Does distributed-process leak connections?

Facundo Domínguez

unread,

May 6, 2013, 5:07:47 PM5/6/13

to parallel...@googlegroups.com

Dear list,
I've found recently a program that seems to leak connections. Can
you spot anything wrong with it?
This program implements a ping server and clients. As time passes,
it prints in the standard output the amount of open connections.
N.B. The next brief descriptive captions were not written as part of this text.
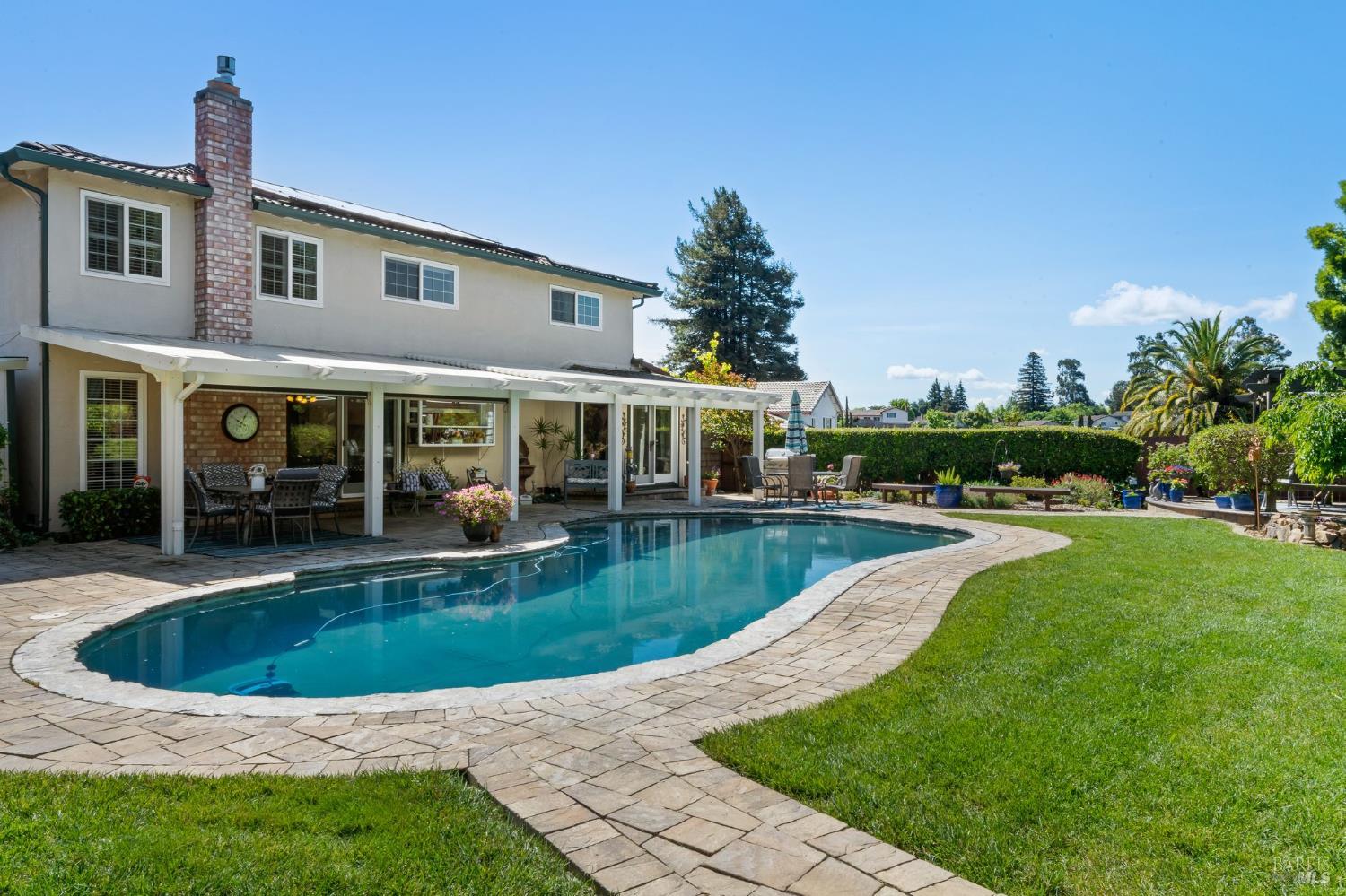 117 Lancaster Way Vallejo, CA 94591 - Photo 39 of 51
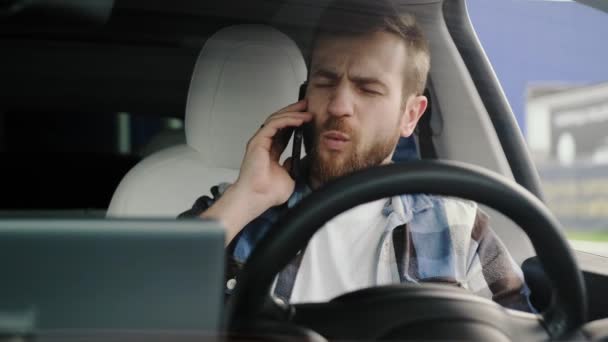 Wütender Mann Sitzt Auto Während Smartphone Der Hand Hält Und — Stockvideo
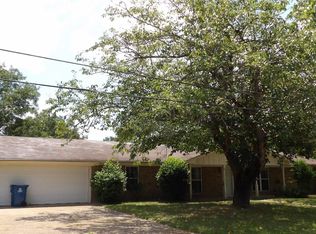 412 Angelina St, Jacksonville, TX 75766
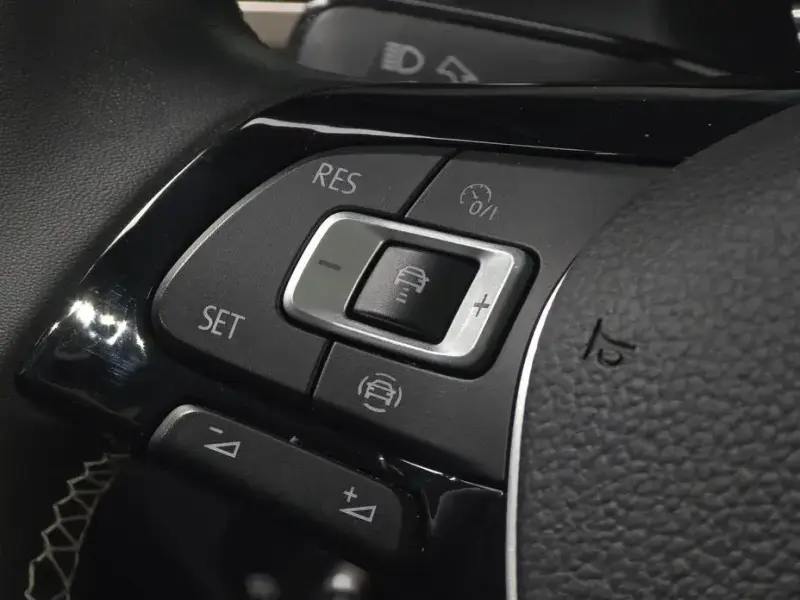 2021 Volkswagen Jetta с пробегом 73 334 км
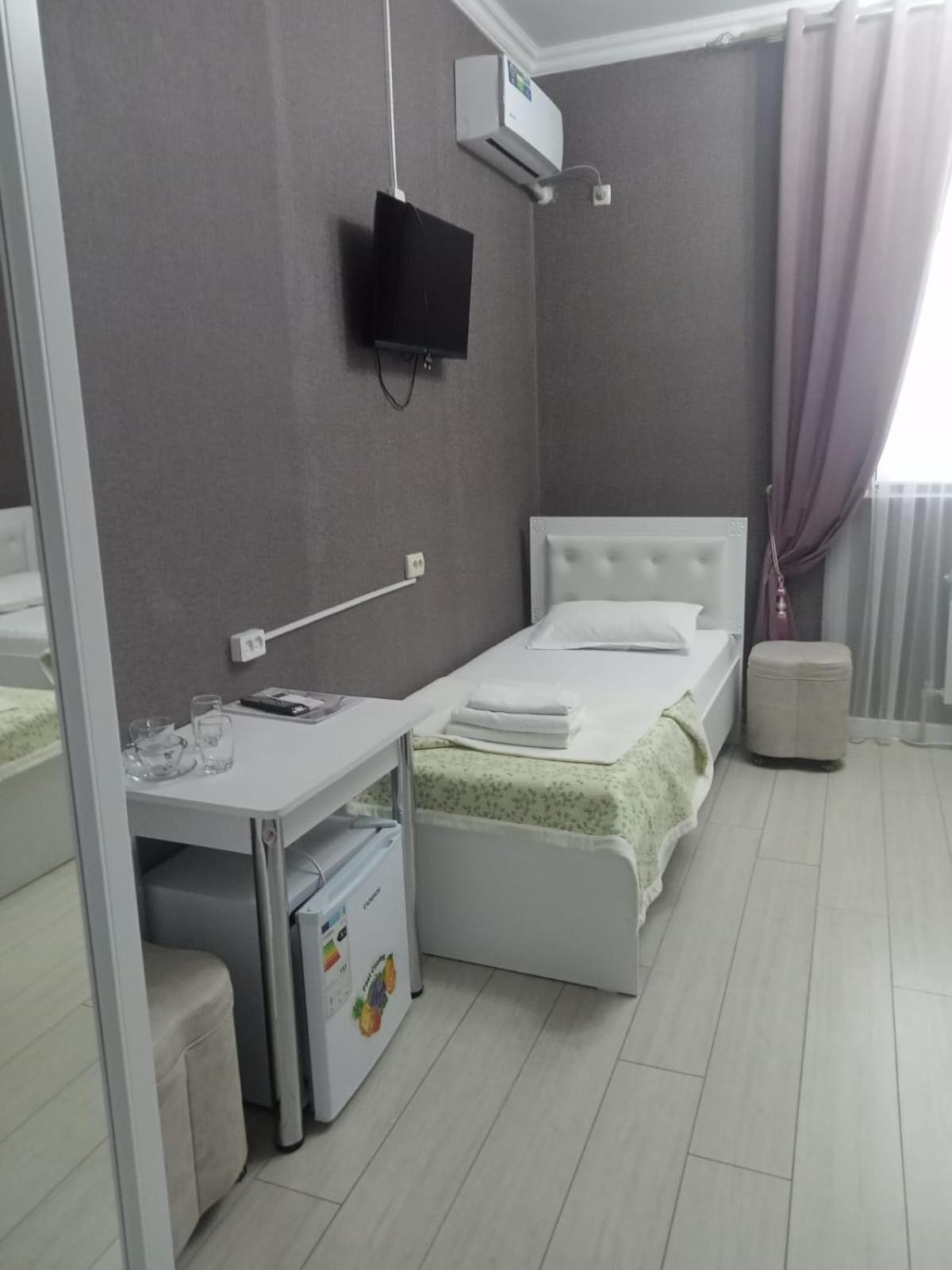 Keruen Deluxe Hotel Тараз Екстериор снимка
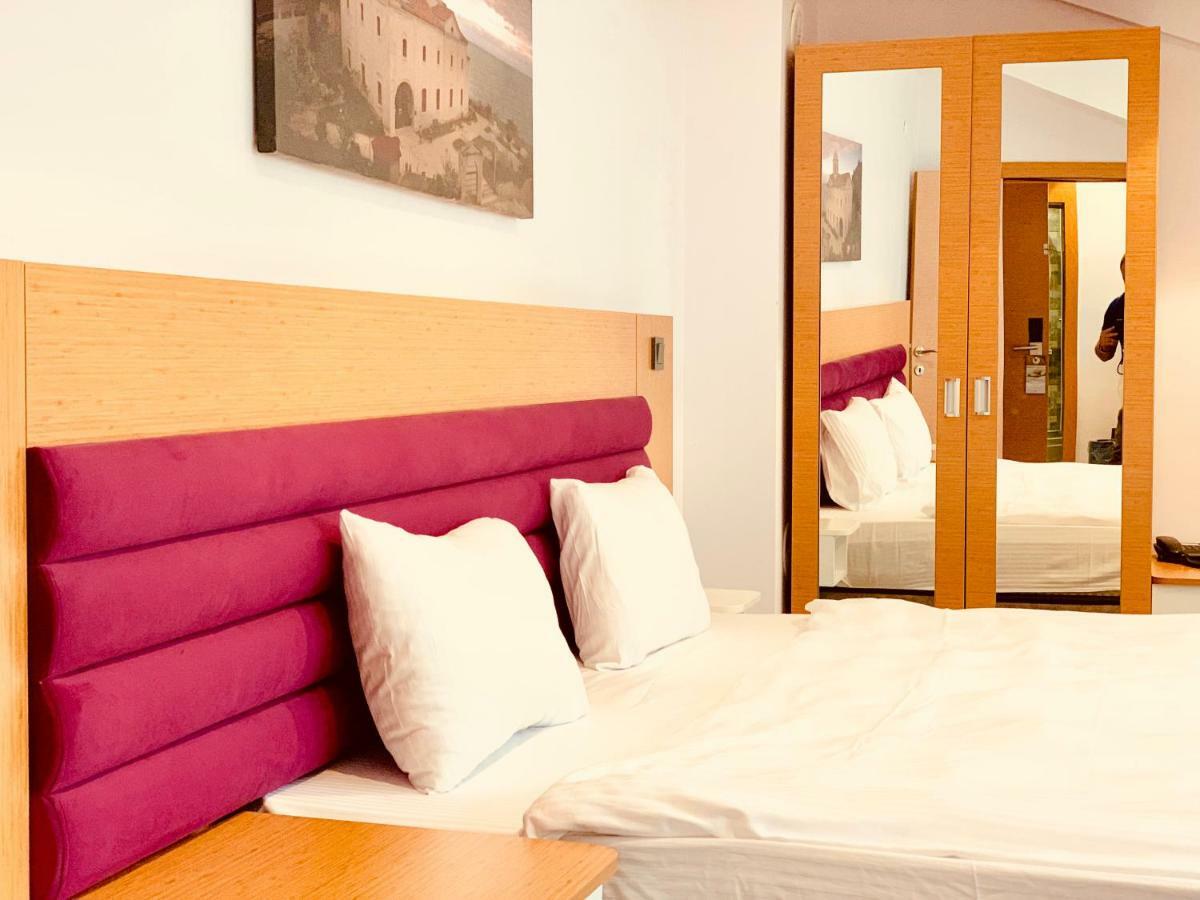 Golden Inn Hotel Uzungoel Exteriör bild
If the program is fine, then any proposals on how to fix the leak are welcome.

Thanks,
Facundo

import Control.Concurrent
import Control.Distributed.Process as P
import Control.Distributed.Process.Node
import Control.Monad ( replicateM_, forever, void )
import Data.IORef
import Network.Transport
import Network.Transport.TCP

main :: IO ()
main = do
Right transport <- createTransport "127.0.0.1" "8080" defaultTCPParameters
c <- newIORef 0
lnid <- newLocalNode (wrapTransport c transport) initRemoteTable
runProcess lnid $ do
self <- getSelfPid
void $ spawnLocal $ forever $ do
spawnLocal $ do
P.send self self
expect :: Process ()
void $ receiveTimeout 100000 []
forever $ do
replicateM_ 20 $ expect >>= flip P.send ()
liftIO $ readIORef c >>= print

wrapTransport :: IORef Int -> Transport -> Transport
wrapTransport c (Transport ne ct) = Transport (fmap (fmap $ wrapEP c) ne) ct

wrapEP :: IORef Int -> EndPoint -> EndPoint
wrapEP c e =
e { connect = \x y z -> fmap (fmap $ wrapConnection c) $ do
atomicModifyIORef' c $ \i -> (i+1,())
connect e x y z
}

wrapConnection :: IORef Int -> Connection -> Connection
wrapConnection c (Connection s closeC) = Connection s $ do
atomicModifyIORef' c $ \i -> (i-1,())
closeC

Edsko de Vries

unread,

May 6, 2013, 5:27:03 PM5/6/13

to facundo....@parsci.com, parallel...@googlegroups.com

Without having studied your email in great depth, do the comments at http://www.well-typed.com/blog/72 help at all?

Edsko

--
You received this message because you are subscribed to the Google Groups "parallel-haskell" group.
To unsubscribe from this group and stop receiving emails from it, send an email to parallel-haske...@googlegroups.com.
For more options, visit https://groups.google.com/groups/opt_out.

Tim Watson

unread,

May 6, 2013, 6:28:51 PM5/6/13

to Edsko de Vries, facundo....@parsci.com, parallel...@googlegroups.com

On 6 May 2013, at 22:27, Edsko de Vries wrote:

Without having studied your email in great depth, do the comments at http://www.well-typed.com/blog/72 help at all?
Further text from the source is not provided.